DOĞAN TILIÇ

Her şey o kadar güzel başlamıştı ki, güneşli bir Ankara sabahı; Türkiye’nin her yerinden insanlar barış türküleri söyleyerek, bir arada, özgürce ve demokratik bir ülkede yaşama arzularını haykırmak için gelmişler, neşe içinde Ankara Garı’na, kortejdeki yerlerini almadan önce toplanacakları noktaya yürüyorlar.

Son günlerde artık can güvenlikleri de kalmayan gazeteciler de bu mitingde seslerini güçlü bir şekilde duyurmak için hazırlandılar. Gar’ın önünde bir grup meslektaş toplanıyoruz; BirGün’den Sabahat Karakoyun, Hürriyet Ombudsmanı Faruk Bildirici, ÇGD Başkanı Ahmet Abakay, Haber-Sen’den Osman Köse kortejdeki yerimizi almadan önce gelecek diğer arkadaşları sohbet ederek bekliyoruz.

Birden bire müthiş bir patlama sesi, kendimizi yere atıyor ve etrafımızdakileri de sakin olmaya ve yere yatmaya çağırıyoruz. Hemen ardından ikinci patlama. 20 metre kadar ilerimizde patlamalar. 20 metre ilerimizde, bir dakika önce bizim gibi neşeyle barış türküleri söyleyen insanlar ya ölü ya yaralı artık.

Çığlıklar, ağıtlar, öfke ve lanet okumalar havada; yerler insan eti parçalarıyla dolu. Metrelerce öteye yayılmış insan parçaları… Bu canlı bomba demek.

Benzer bir manzarayı neredeyse 25-30 yıl öne Afganistan’da, Kabil’de kalabalık bir meydana roket düştüğünde görmüştüm. Savaş içinde bir ülkede, insanların tedirgin ve her an böyle patlamalar beklediği bir kentte, bir savaş muhabiri için “olağan” bir görüntüydü o.

Ancak, Türkiye’nin başkentinde, barış türküleriyle dans eden insanlar arasında böyle bir patlama, herhangi bir normal ülkede ölümle yaşam arasındaki mesafenin sadece 20 metre kadar olması akıl alacak gibi değil.

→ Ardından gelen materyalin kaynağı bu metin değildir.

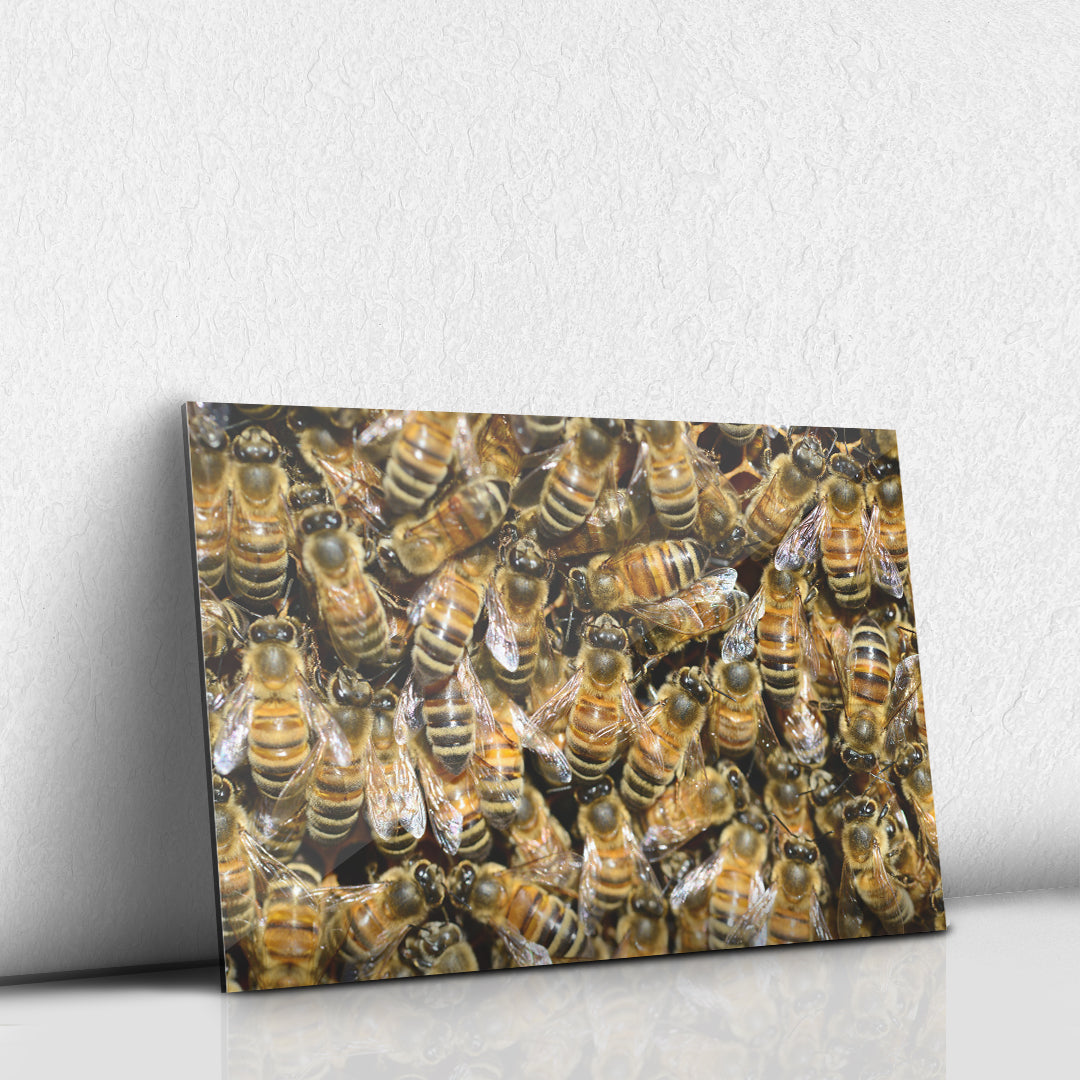 Panal de Abejas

Sürreal bir görüntü bu, ama gerçek işte.

Bir yandan insanlara sakin olmalarını söylerken, Faruk Bildirici ile birlikte Gar’ın önünden ayrılıp yakından gözlemler yapmak üzere patlama noktasına yürüyoruz: Sayamadığımız kadar çok insan yatıyor yerlerde. Otuz, otuz beş. Bazıları ölü kesin, ama kimilerinin ölü mü yaralı mı olduğunun ayırtına varmaya imkan yok.

Gar’ın önüne kadar hiç polis görmeden, hiç polis noktasından geçmeden geliyoruz. Polis patlamadan epey sonra gaz atarak giriyor meydana.

Beden parçalarına basmamak için dikkatle ilerlenen alana Opera tarafından çevik kuvvet giriyor. Henüz yaralılara almaya gelmiş ambulans yok, varsa da ben görmüş değilim.

Kollar, bacaklar, üzerinde saçla bir kafa derisi, iç organ parçaları yolda… Ölüler yaralılar ortalıkta… Seçime doğru giden ve yaptığı her seçimi bir demokrasi zaferi diye anlatan bir ülkenin başkentinde, barış ve demokrasi şarkıları söylemek için toplanmış insanların parçaları bunlar. Yaşayanlar şans eseri yaşıyorlar… Burada yaşamla ölüm arasındaki mesafe sadece 20 metre kadar işte..

Aradan saatler geçmesine karşın sorumluluk alan, çıkıp da konuşabilen bir yetkili yok. Ölümle yaşam arasındaki mesafeyi birkaç metreye indirenlerden hiç birinin sorumluluk aldığı yok. İleri demokrasinin en ileri noktası; yaşamın ölümden uzaklığı metrelerle ölçülüyor artık.